Task brief:
Please give back only the lines below from the one containing "lululemon city essentials 25L bag" to the one containing "Used 2025 White Toyota LE image 16", each repeated word for word, both ends included.

Provided material:
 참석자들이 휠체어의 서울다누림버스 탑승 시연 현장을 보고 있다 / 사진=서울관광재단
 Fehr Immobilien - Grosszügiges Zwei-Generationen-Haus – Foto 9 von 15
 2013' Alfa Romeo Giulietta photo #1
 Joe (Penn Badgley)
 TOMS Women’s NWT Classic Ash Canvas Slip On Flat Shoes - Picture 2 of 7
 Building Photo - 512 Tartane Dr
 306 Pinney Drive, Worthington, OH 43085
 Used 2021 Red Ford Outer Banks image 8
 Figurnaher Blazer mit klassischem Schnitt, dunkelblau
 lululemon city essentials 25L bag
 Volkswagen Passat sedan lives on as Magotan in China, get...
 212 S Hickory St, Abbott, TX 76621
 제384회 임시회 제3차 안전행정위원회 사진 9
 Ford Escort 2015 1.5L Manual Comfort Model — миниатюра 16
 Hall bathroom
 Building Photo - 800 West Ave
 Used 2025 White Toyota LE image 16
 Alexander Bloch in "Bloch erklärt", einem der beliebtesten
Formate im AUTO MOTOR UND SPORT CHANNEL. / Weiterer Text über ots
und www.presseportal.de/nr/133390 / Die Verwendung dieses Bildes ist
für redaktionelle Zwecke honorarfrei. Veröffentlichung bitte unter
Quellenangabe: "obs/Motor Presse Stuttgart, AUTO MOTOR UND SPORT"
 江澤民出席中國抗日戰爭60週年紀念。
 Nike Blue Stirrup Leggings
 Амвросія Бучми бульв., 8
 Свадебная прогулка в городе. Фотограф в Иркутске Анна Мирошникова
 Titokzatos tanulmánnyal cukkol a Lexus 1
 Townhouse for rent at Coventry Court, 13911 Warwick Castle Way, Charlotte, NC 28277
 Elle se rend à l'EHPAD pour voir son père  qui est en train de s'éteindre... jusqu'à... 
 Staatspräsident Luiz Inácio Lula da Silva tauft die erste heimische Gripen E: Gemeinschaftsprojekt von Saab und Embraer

The completed task:
 lululemon city essentials 25L bag
 Volkswagen Passat sedan lives on as Magotan in China, get...
 212 S Hickory St, Abbott, TX 76621
 제384회 임시회 제3차 안전행정위원회 사진 9
 Ford Escort 2015 1.5L Manual Comfort Model — миниатюра 16
 Hall bathroom
 Building Photo - 800 West Ave
 Used 2025 White Toyota LE image 16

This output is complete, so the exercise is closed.